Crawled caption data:
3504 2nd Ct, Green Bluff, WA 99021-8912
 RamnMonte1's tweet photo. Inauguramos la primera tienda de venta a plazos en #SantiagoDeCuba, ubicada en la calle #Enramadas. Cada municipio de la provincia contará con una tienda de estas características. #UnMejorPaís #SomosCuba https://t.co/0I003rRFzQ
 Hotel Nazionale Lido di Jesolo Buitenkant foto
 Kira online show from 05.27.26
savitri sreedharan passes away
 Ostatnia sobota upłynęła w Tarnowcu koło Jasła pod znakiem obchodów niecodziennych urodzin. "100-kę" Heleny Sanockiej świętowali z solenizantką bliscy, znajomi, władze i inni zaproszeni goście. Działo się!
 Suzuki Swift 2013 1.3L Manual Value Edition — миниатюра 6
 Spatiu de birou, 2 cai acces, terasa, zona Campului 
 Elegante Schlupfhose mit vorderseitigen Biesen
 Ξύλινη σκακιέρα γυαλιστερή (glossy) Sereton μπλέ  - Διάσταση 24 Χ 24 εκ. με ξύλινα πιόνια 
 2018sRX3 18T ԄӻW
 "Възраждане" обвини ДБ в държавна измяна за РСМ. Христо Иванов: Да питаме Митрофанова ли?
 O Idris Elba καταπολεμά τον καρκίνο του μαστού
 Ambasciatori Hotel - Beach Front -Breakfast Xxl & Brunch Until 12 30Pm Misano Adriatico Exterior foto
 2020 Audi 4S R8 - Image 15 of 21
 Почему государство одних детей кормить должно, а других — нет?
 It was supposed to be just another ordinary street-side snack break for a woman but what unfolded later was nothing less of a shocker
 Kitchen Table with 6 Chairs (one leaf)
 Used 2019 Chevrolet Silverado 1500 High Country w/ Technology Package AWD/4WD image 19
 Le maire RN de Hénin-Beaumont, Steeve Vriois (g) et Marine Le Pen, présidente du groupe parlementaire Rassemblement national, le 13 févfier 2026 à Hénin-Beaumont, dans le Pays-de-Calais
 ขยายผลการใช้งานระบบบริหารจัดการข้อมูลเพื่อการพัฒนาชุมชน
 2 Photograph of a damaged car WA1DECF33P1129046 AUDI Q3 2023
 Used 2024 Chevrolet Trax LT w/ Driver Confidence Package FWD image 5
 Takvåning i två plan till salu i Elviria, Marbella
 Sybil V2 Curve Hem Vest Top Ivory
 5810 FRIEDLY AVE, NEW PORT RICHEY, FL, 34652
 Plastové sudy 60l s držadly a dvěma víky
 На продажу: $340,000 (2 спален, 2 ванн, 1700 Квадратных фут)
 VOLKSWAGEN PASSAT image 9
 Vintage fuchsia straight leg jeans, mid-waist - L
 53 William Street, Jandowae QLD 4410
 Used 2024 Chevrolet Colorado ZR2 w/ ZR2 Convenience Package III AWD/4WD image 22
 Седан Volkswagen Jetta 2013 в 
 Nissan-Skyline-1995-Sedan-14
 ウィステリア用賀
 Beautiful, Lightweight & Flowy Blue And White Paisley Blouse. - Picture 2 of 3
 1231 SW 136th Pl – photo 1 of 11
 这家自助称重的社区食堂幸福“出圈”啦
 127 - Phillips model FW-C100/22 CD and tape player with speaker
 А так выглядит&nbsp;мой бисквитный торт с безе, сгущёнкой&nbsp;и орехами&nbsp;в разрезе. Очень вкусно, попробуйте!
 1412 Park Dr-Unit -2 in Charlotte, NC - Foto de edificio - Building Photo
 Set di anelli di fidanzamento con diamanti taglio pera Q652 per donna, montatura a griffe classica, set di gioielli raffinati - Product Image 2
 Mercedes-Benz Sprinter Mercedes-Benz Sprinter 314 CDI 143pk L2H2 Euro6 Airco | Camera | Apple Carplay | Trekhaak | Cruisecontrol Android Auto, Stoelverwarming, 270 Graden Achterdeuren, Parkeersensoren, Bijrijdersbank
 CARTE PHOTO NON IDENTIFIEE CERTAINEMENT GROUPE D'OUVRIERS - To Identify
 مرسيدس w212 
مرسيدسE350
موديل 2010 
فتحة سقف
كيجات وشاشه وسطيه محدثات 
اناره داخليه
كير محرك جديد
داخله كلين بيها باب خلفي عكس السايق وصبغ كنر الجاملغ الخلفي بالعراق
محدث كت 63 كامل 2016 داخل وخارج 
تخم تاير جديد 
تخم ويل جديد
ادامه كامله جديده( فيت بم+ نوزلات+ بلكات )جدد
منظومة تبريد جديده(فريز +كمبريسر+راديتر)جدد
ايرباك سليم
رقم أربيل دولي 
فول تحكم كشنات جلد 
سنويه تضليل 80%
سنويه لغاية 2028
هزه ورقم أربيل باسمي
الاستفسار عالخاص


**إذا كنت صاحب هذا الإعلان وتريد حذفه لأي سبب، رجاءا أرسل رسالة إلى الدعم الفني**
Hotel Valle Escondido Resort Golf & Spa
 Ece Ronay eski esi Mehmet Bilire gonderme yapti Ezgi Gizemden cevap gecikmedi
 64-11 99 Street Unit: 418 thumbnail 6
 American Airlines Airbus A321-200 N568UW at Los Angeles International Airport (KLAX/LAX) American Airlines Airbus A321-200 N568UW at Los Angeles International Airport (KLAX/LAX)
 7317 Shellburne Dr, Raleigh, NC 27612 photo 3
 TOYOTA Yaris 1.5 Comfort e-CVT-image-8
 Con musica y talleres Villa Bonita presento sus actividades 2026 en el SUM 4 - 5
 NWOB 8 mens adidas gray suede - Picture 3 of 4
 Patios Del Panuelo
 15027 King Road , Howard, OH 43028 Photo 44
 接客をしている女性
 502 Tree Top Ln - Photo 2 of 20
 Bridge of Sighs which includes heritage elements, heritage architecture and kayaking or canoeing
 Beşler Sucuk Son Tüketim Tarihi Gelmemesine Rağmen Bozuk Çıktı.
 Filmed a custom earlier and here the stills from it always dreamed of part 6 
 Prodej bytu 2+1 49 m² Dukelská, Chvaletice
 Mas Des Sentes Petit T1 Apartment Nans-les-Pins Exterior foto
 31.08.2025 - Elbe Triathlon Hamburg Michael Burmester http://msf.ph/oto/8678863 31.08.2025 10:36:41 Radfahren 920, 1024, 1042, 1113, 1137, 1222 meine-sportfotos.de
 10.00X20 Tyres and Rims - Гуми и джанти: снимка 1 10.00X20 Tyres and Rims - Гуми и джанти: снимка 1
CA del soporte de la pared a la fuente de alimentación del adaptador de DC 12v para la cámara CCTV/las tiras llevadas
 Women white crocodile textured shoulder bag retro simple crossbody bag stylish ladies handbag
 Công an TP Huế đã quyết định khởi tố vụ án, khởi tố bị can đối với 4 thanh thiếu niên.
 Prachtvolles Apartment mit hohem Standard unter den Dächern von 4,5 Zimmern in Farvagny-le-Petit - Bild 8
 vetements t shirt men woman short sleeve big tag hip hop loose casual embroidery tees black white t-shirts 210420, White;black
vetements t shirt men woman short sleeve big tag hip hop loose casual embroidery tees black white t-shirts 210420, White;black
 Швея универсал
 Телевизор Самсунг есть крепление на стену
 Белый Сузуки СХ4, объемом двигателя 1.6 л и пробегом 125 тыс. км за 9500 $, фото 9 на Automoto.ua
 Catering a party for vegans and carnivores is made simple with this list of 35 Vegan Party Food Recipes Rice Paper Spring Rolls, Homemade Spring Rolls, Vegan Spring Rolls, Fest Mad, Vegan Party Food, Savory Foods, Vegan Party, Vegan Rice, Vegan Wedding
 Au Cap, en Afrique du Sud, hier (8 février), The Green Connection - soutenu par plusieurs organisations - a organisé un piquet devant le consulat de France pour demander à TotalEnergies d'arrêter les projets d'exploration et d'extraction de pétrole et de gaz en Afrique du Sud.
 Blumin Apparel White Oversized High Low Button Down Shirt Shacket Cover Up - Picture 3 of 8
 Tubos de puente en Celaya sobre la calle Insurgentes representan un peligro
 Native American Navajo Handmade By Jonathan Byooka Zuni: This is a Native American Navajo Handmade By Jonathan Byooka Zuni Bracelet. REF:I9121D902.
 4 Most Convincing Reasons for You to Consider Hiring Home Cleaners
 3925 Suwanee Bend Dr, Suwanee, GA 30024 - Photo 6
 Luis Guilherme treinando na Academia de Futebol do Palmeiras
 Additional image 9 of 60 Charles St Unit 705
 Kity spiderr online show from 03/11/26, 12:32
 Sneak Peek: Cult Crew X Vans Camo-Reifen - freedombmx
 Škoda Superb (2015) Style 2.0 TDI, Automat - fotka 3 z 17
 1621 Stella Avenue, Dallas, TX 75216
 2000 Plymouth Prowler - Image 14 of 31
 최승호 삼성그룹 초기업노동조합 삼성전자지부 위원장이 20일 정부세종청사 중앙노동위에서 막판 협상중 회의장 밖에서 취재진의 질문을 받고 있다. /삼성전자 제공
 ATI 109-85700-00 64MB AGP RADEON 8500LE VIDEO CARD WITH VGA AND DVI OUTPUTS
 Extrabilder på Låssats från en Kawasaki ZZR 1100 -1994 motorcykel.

HOW TO COMPLETE THIS TASK: Write down again, exactly as given, only the lines above that fall from the line with "Con musica y" to the line with "Beşler Sucuk Son", inclusive.

SOLUTION:
 Con musica y talleres Villa Bonita presento sus actividades 2026 en el SUM 4 - 5
 NWOB 8 mens adidas gray suede - Picture 3 of 4
 Patios Del Panuelo
 15027 King Road , Howard, OH 43028 Photo 44
 接客をしている女性
 502 Tree Top Ln - Photo 2 of 20
 Bridge of Sighs which includes heritage elements, heritage architecture and kayaking or canoeing
 Beşler Sucuk Son Tüketim Tarihi Gelmemesine Rağmen Bozuk Çıktı.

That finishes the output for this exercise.